As this new century began, there was considerable debate – in which this region
figured prominently – over what it would be called. The rise of China caused some to say it would be the Chinese Century; then along came India’s IT revolution. So some argued it would be the Asian Century. This led in my own country to a resurgence of the debate about whether or not America was in decline and whether it would shape the 21st century as much as it did the 20th. The debate over America Redux, coupled to our recovery from 9/11, led some to argue that a broad Pax Americana lay ahead.
My own view is that we are at the beginning of an era that belongs to no one.
Many countries in Asia are rapidly becoming regional hubs for education. Organizations like APAIE and the Asia Fellowship Program are providing the vehicles through which genuinely transforming changes in scholarship and student and faculty exchange can happen. As the 1990s generation of bilateral exchange programs and agreements formed between Asia-Pacific institutions and their counterparts in the United States – and which proved so one-sided – come to an end and their progenitors retire, collaborative efforts initiated by institutions in the region will be increasingly welcome.
As the president of Johns Hopkins University wrote in the latest issue of Foreign Affairs, “Universities must prospect for the best brains, skills, and talent.
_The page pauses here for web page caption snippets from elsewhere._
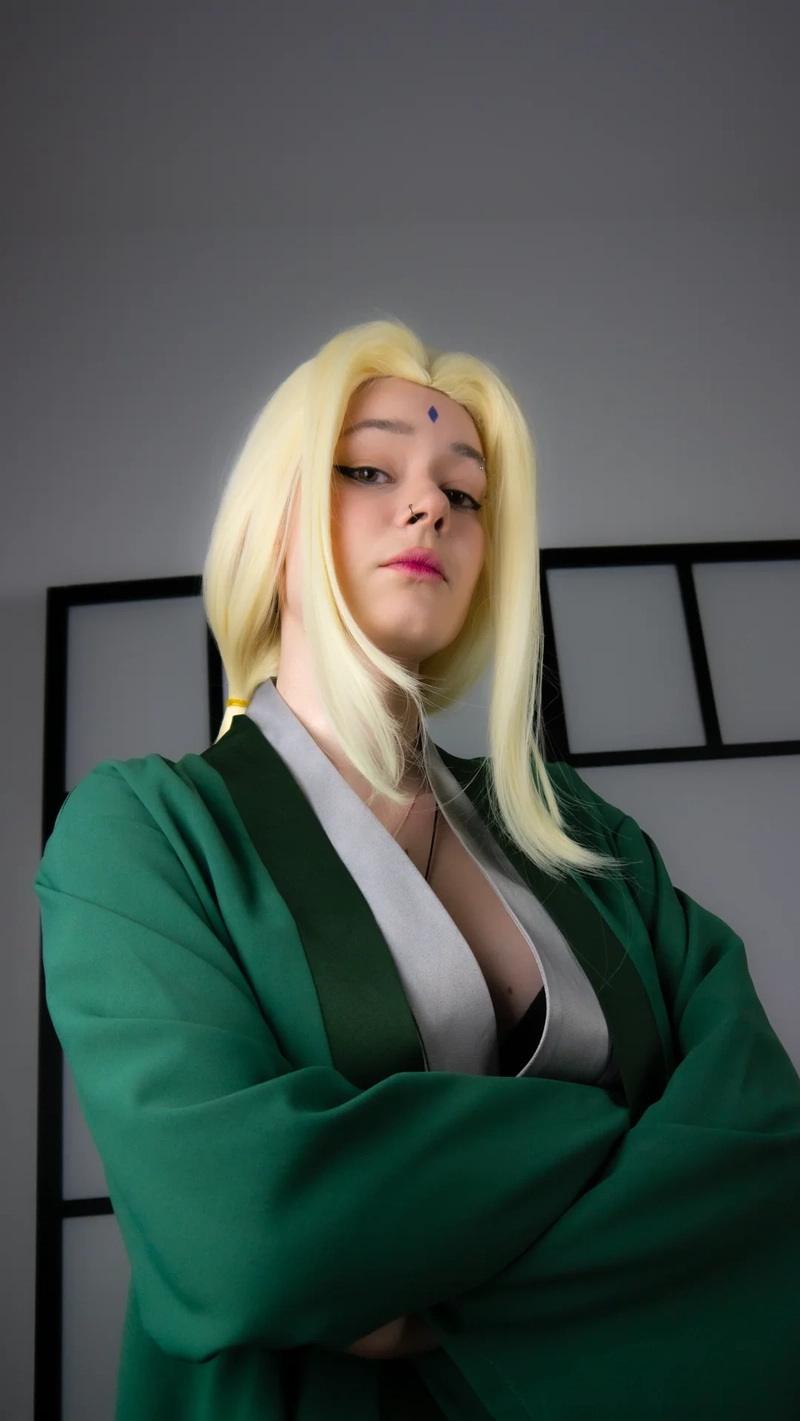 hình cosplay tsunade mang thần thái mạnh mẽ cuốn hút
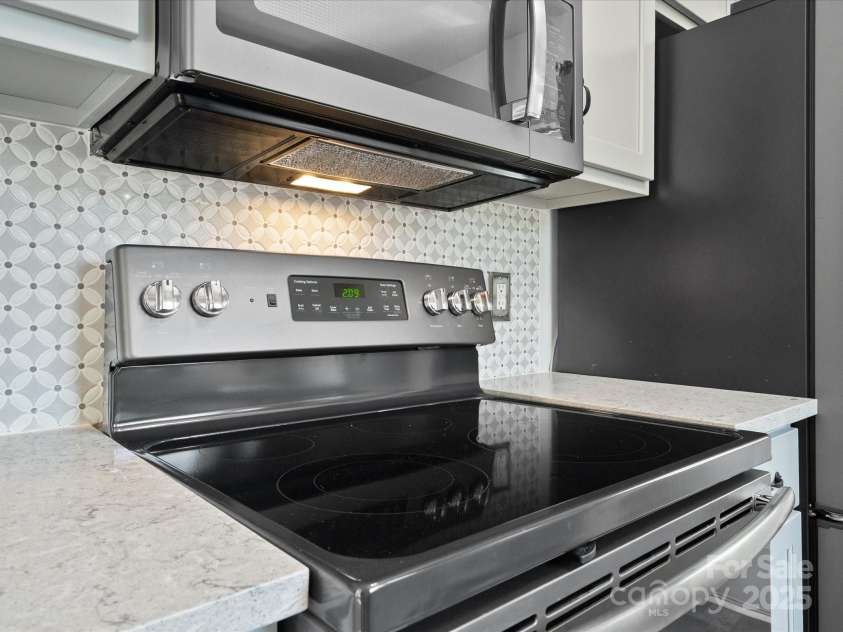 6647 Vlosi Drive, Charlotte, NC 28226.  MLS# CAR4249804, YatesRealty ID 10197. 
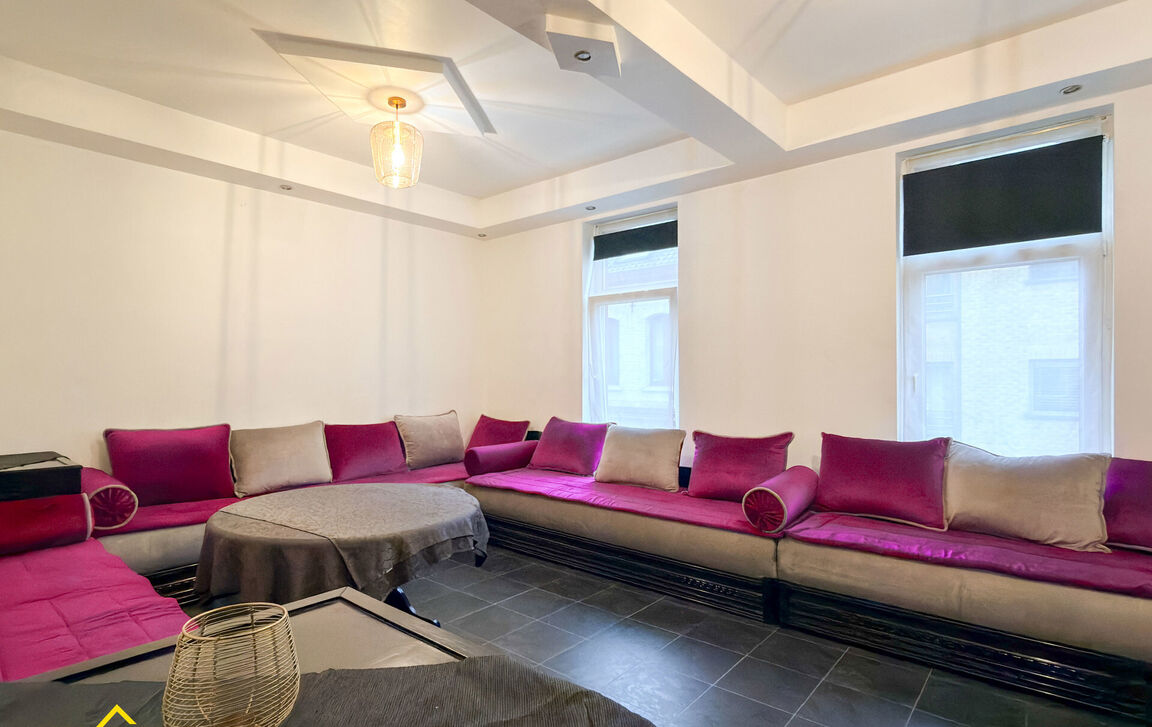 Gebouw voor gemengd gebruik te koop in Denderleeuw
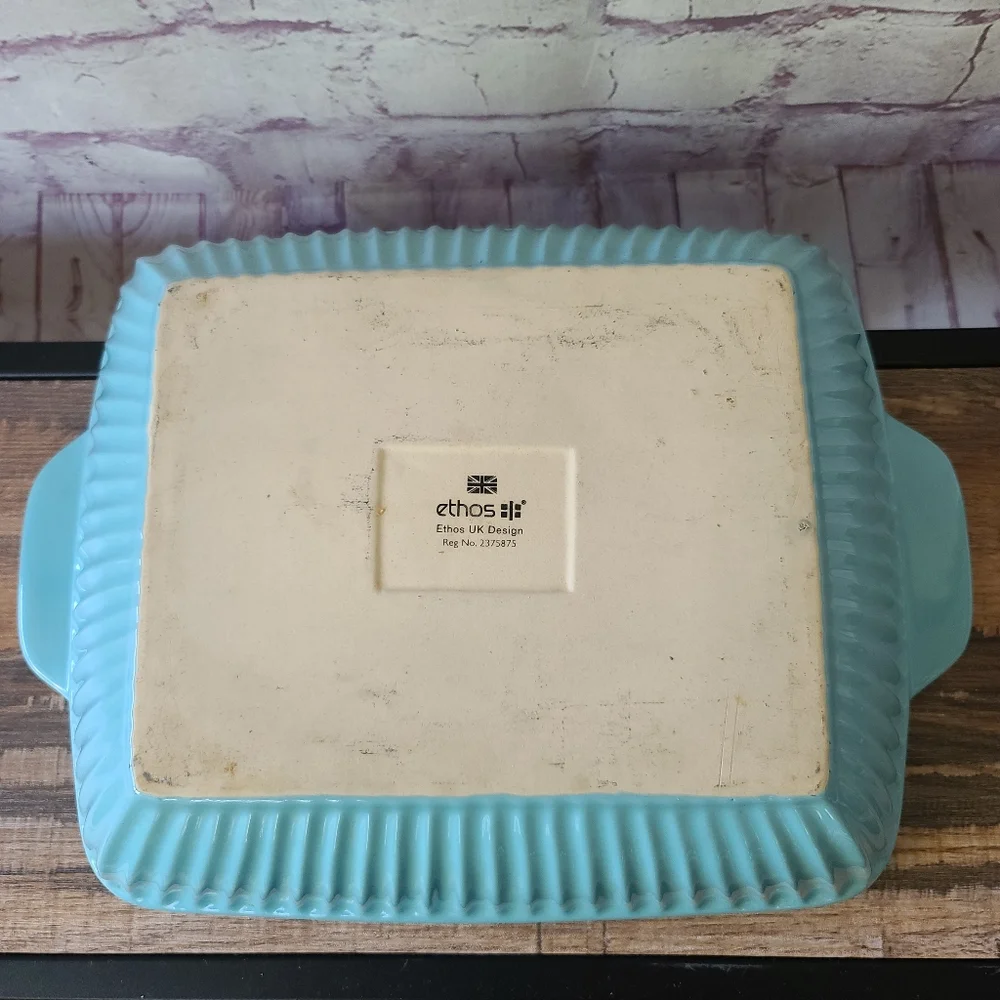 Ethos UK Design Aqua Cream Fluted Ceramic Rectangular Baking Serving Dish 10x12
In recent years, it has increasingly become evident that they will have to go far beyond their traditional borders to find those resources.” As Americans and Europeans search for new destinations, and talent pools, the world will become even flatter. For us especially, the Pacific Ocean ought to be what opens the door and invites us into this region rather than an obstacle that keeps us at home. In the process, I hope this means that “international” will become a part of the way all of us define what it means to be educated. For with more human beings attending higher educational institutions than probably attended them in the past 2000 years combined, I think the best thing we could all work toward is making sure, in fact, that this becomes the International Education Century.